Эмиль Гутман вспоминал: «Когда Малер вышел на подиум в тусклом свете огромного зала, где черная масса слушателей слилась с черно-белой массой исполнителей, всех охватило чувство, что первозданное существо, хорошо сложенное и способное к жизни, только что обрело сердце — и сейчас оно непременно начнет биться. В этот момент не существовало ни певца, ни инструмента, ни деки, ни зрителя, а вместо этого — единое туловище, со множеством артерий и нервных сплетений,— которое только и ждало, когда кровь польется по его венам и возникнет дыхание искусства.
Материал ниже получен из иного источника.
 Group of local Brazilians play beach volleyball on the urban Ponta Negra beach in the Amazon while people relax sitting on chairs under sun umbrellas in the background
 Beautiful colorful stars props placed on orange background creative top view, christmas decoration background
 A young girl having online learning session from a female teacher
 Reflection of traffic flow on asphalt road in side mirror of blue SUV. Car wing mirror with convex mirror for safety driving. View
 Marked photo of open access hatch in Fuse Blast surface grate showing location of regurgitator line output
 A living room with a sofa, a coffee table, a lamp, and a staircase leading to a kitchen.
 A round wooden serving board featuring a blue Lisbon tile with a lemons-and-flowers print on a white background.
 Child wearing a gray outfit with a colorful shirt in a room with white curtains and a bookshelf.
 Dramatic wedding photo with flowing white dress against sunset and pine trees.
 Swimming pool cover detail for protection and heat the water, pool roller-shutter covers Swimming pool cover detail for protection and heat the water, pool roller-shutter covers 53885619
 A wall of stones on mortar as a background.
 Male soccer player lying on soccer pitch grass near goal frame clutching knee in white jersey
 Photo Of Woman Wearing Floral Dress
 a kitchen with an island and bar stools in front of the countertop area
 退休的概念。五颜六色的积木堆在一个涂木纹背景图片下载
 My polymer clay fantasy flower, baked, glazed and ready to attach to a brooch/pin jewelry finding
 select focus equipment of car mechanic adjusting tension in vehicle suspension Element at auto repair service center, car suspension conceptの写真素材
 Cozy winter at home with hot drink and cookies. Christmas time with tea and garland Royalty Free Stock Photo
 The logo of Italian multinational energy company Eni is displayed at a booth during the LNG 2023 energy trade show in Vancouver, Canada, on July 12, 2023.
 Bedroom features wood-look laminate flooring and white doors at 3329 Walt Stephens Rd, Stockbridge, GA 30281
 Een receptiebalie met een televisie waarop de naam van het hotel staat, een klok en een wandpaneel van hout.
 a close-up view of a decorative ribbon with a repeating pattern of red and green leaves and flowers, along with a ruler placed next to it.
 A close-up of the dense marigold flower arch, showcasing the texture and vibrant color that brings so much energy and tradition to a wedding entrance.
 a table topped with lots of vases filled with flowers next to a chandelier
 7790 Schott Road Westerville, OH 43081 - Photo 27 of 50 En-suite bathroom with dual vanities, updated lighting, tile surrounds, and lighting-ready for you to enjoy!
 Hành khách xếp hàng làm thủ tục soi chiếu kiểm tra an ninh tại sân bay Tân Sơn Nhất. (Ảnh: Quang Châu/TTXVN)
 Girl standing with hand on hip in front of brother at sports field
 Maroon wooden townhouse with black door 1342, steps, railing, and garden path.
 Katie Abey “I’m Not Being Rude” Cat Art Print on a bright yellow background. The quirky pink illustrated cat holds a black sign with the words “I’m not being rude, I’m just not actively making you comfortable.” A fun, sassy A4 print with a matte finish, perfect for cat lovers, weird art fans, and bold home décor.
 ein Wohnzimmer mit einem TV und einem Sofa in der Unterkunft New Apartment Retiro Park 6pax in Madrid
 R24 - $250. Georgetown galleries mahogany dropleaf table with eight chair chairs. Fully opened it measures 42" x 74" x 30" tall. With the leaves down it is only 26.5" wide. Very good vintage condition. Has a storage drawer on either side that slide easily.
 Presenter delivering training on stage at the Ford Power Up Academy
Никто другой, кроме Малера, не смог бы привести все эти силы в полную готовность — к искусству, к творчеству, к восприятию искусства. Название и функция этого органа — художественное сообщество».
Художественный прорыв, к которому композитор стремился всю свою жизнь, наконец произошел, и Восьмая симфония (как оказалось, самое доступное для понимания публикой произведение) вошла в анналы истории как самая успешная музыкальная премьера XX века. Почти пятьдесят лет спустя Леонард Бернстайн и Нью-Йоркский филармонический оркестр приурочили исполнение Veni creator spiritus к открытию Линкольн-центра, установив тем самым хорошую традицию включать в программу различных торжественных мероприятий именно эпический малеровский шедевр.